I still might not have done it, if my department chair hadn’t stuck his head into my office one afternoon in late August to let me know we had a new faculty member coming on board, and how did I feel about being their liaison during the onboarding process? I note, entirely for the record and apropos of nothing, that I am the only female tenured faculty in the physics department. I note, entirely for the record and apropos of nothing, that I do an estimated thirty-six percent of the emotional labor in my sixteen-person department.

Female grad students and admins do the rest. And it’s not like we’re any less introverted and non-neurotypical than the dudes. We’re just forced to learn to endure more discomfort in order to have careers.

I gritted my teeth in a smile. I said yes. I waited for the door to close.

I’d gotten myself the kit for my birthday (observed, presumed) and had been ignoring its existence ever since. I dug it out of my desk drawer and unscrewed the lid on the little plastic vial while I was still fuming.

I know those DNA tests are very broad and subject to a certain degree of interpretation. But the results are improving with better data, and honestly not everything in science has to be about doing science the right way with reproducible results subject to peer review.

Sometimes science . . . or packaged, processed science food, if you prefer . . . can be just science-y and fun. Also, it might be useful to know if I had any ticking time bombs in my DNA, medically speaking. Make those family history questions a little less stymieing.

Surprise.

I was gratified to learn I was nearly one twentieth Neanderthal. That’s about twice as much as most modern Europeans, and according to the genetics company, it put me in the ninety-ninth percentile of their customer base.

Those redheaded Vikings had to come from somewhere. And it was nice to think of all that cross-cultural communication and exchange taking place, all the way back to the Weichselian Glaciation.

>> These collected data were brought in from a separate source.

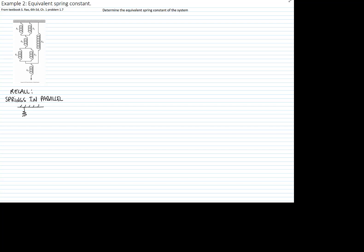We have two springs k1 and k2 in parallel and as you see they have the same displacement, so the equivalent constant for these two springs is adding the two springs: k1 plus k2.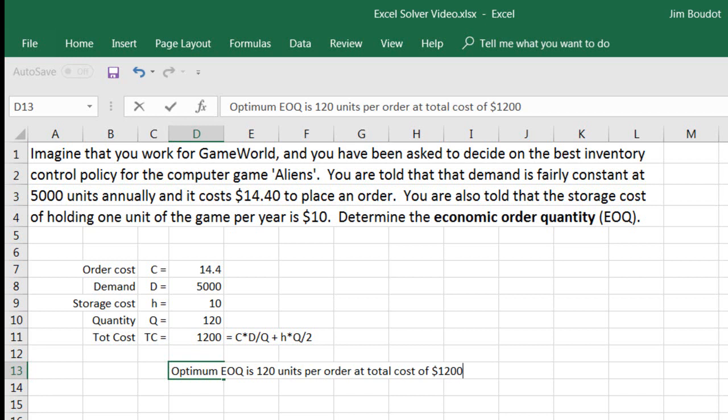Whenever you state the optimum order quantity, never write that value as a decimal. Always round up to the next highest whole unit. We can't order or produce a fraction of a unit. If you round the decimal number down, you have a possibility of generating a stockout by not having sufficient inventory to meet the demand. You never want that to happen, so you always round up to the next highest whole number.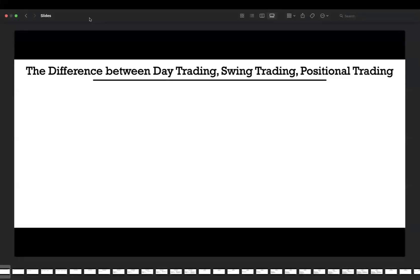Welcome everyone. I hope you're doing good. My name is Bart Wondermate and I'm your mentor for this project. Today we're going to learn trading styles, and I will help you to choose a style which is relevant for you.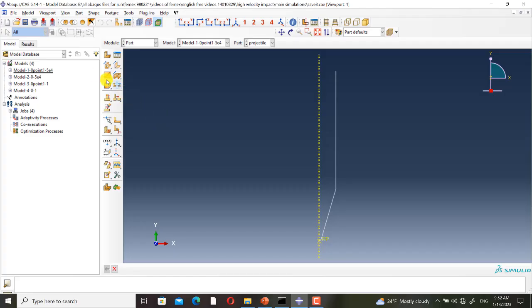As you can see, here we have four models: Model 1, Model 2, Model 3, and Model 4. In Model 1, the displacement at failure is 0.1 and the reference strain rate is 50,000. In Model 3, the displacement at failure is 0.1 and the reference strain rate is 1.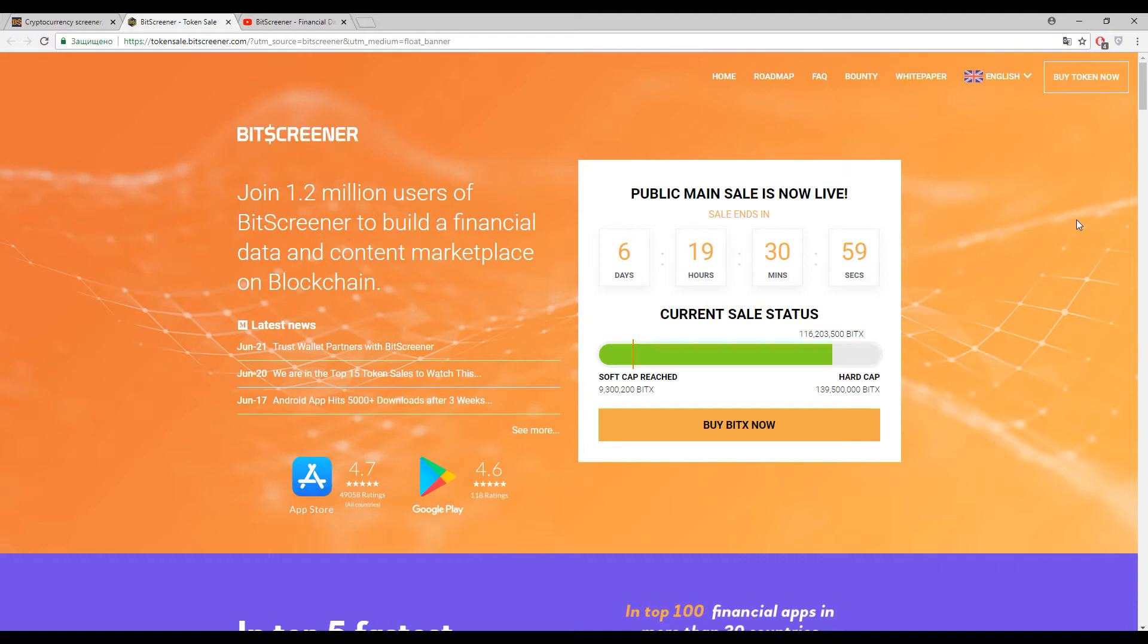Let's watch the statistics. You can see here that the soft cap is already reached.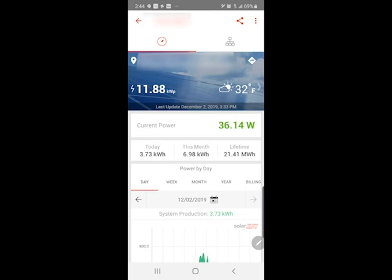So if you are seeing issues, give it about 24 hours to see if that comes through. Below the current power, you see today's kilowatt hours, this month's kilowatt hours, and then the total lifetime of the system.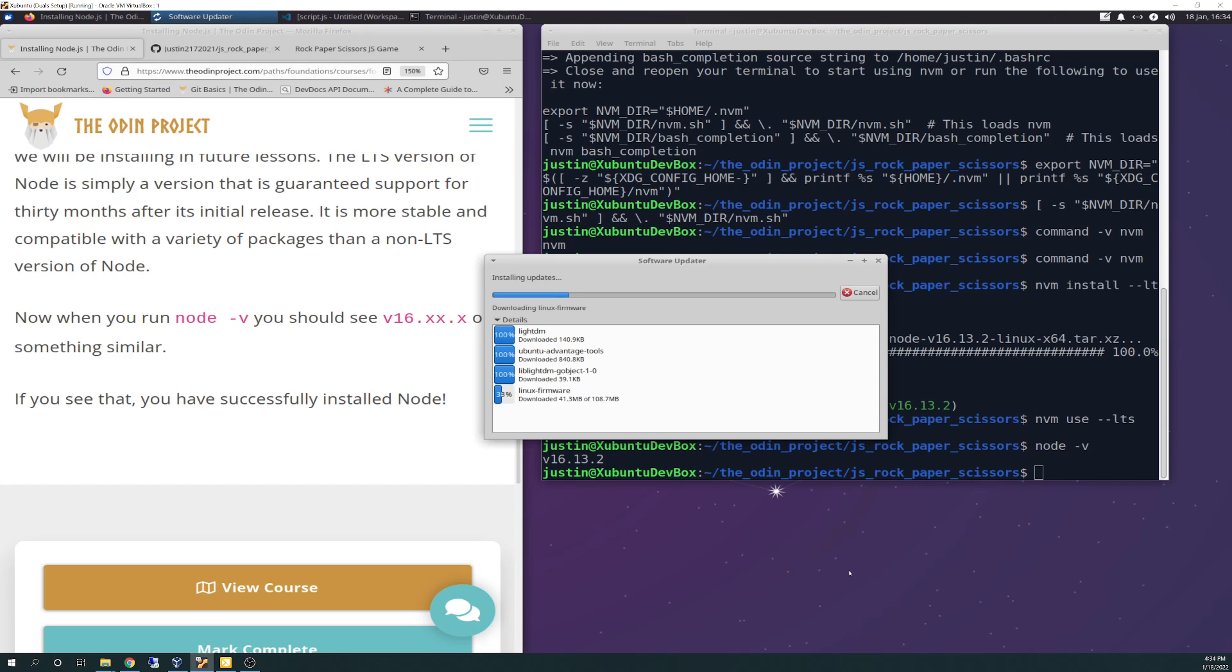Oh firmware. I always get nervous when I'm downloading firmware just because something can go wrong really fast when you're messing with firmware. Get that low level code, low level packages. If something gets corrupted you usually get hosed real quick. It's a good thing, I haven't done a snapshot in a while too.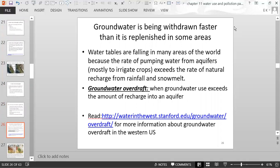Groundwater is being withdrawn faster than it is replenished in some areas, causing water tables to fall. When a water table falls, you have to dig deeper to access groundwater. This happens because the rate of pumping from aquifers exceeds the rate of recharge from rainfall and snowmelt — mostly due to the excessive pumping for irrigating crops. This is called groundwater overdraft.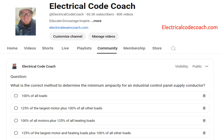What is the correct method to determine the minimum ampacity for an industrial control panel supply conductor? The correct answer is 125% of the largest motor and heating loads plus 100% of all other loads.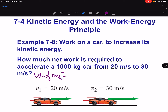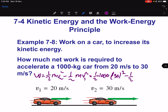Using V2 and V1, with mass M in SI units as 1000 kg: ½(1000)(30²) minus ½(1000)(20²). You will get around 250 kilojoules.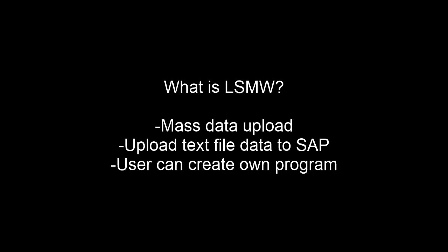Hey guys, welcome to my YouTube channel. Today I'm going to show you how to create an LSMW in SAP. Let's begin with what is LSMW. It is a program which can be created by the user himself to upload mass data into SAP using a text file. Shall we move to the SAP screen?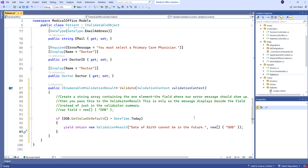This next argument is about where we want it to show up in the user interface — related to the date of birth field. It's a little awkward in that we have to create this new string array to say where it shows up. If you don't provide this argument, it will just show up in the validation summary at the top of the page. This is a quick example of doing this validation.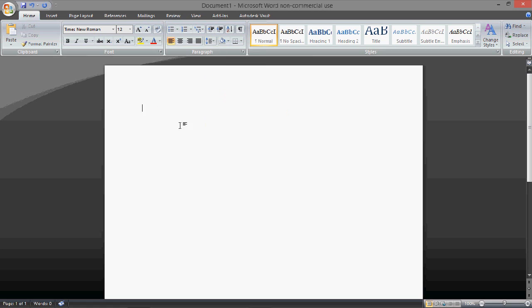Now, first you're going to type your name, and I'm doing this with one hand. Then enter once, then you're going to put your teacher's name, or professor, or whatever.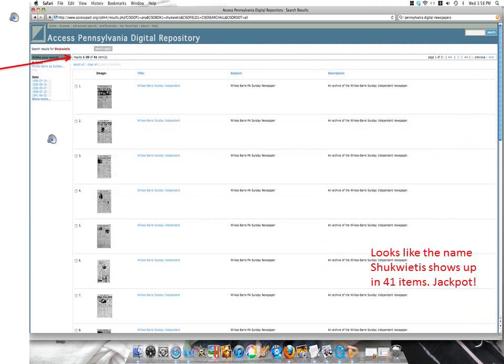It looks like the name Shaquitis appears 41 times in newspapers in this repository. Right here it says that I have 41 items that have the name Shaquitis in them. Time to start digging.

That was interesting, and fun to think about. But other than the Homo neanderthalensis and the Scandinavian, I was a pretty basic New England mix. A little Irish, a little German. A little Broadly South European, which is probably Portuguese. A smidge of Native American or Southeast Asian. And then . . .

Undetermined: 10.2%

Ten percent. That’s a pretty big error bar there, genetics company that will remain unnamed.

Curiosity is probably my defining characteristic. I want to know how things work. I want to know why they work, and what happens if you alter the variables.

Sometimes it’s not the variables that alter on you, however.

Sometimes it’s the constants.

Of course I downloaded my raw genetic data and took it to my old friend Michael Roberts. If academics weren’t constantly taking advantage of one another’s skill sets, we’d have no topics of conversation at all other than who was cheating on their spouse and who wasn’t going to get tenure.

Anyway, Roberts and I went back to undergrad, when we’d been lab partners in an organic chemistry class that wasn’t in either of our fields but was required for both of our majors. We’d somehow gotten through the class, despite the lack of any apparent common language between either of us and the instructor. Years later, we’d wound up at the same institution, in different departments in the same college, and I still liked and trusted him.

What I wasn’t expecting was for Roberts to call me up at one a.m., voice shaking as he accused me of having a little joke at his expense. “Come on, Greer,” he said. “Tell me who you got to put this data set together, so I can mail them a dead badger.”

I looked at my phone. Without my glasses, it was just a bright blur in the dark of my bedroom. I put it back to my ear. “That’s right off the Real 46 website. If you want, I’ll give you my login and you can download a copy for yourself.”

He scoffed. “Well, I knew these companies played a little fast and loose, but this result is a mess and a half. Ten percent of the DNA doesn’t even match up to the human genome. Did you chew up a tadpole or something before you took the swab?”

“Ew,” I answered. “Hey, are you busy tommor— I mean, tonight? I’ll buy you dinner and you can tell me all about it.”